> **Records supplied**
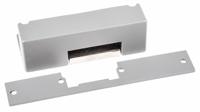 749-1715 RS PRO Electric Door Release, Fail Secure, 24V dc, 0.45A, 19 mm
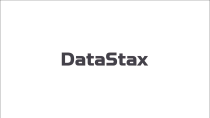 Thumbnail for DataStax - Our Story from Chet Kapoor, Chairman and CEO of DataStax | DataStax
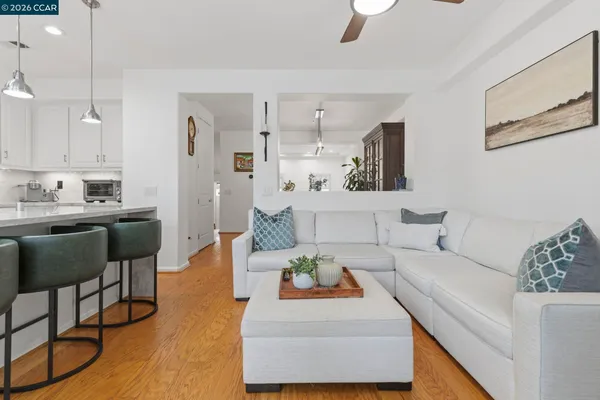 $1,249,000 | 4483 Brannigan Street, Dublin, CA 94568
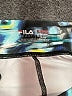 Fila Sport Graphic Blue Active Pants Size M - photo 7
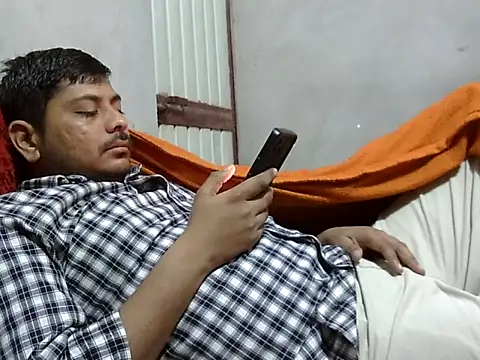 Snapshot of Ajmersingh335512 chatting on 02-01-26, 03:10 Ajmersingh335512 online show from 02-01-26, 03:10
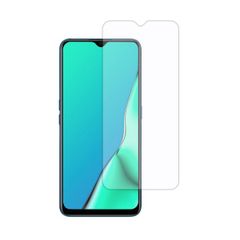  Miếng dán màn hình Oppo A9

> **Exercise details**
Transcribe every line from the one with "Dublin, CA 94568" to the last line of the records above, exactly, excluding pictures.

> **Problem solution**
 $1,249,000 | 4483 Brannigan Street, Dublin, CA 94568
 Fila Sport Graphic Blue Active Pants Size M - photo 7
 Snapshot of Ajmersingh335512 chatting on 02-01-26, 03:10 Ajmersingh335512 online show from 02-01-26, 03:10
  Miếng dán màn hình Oppo A9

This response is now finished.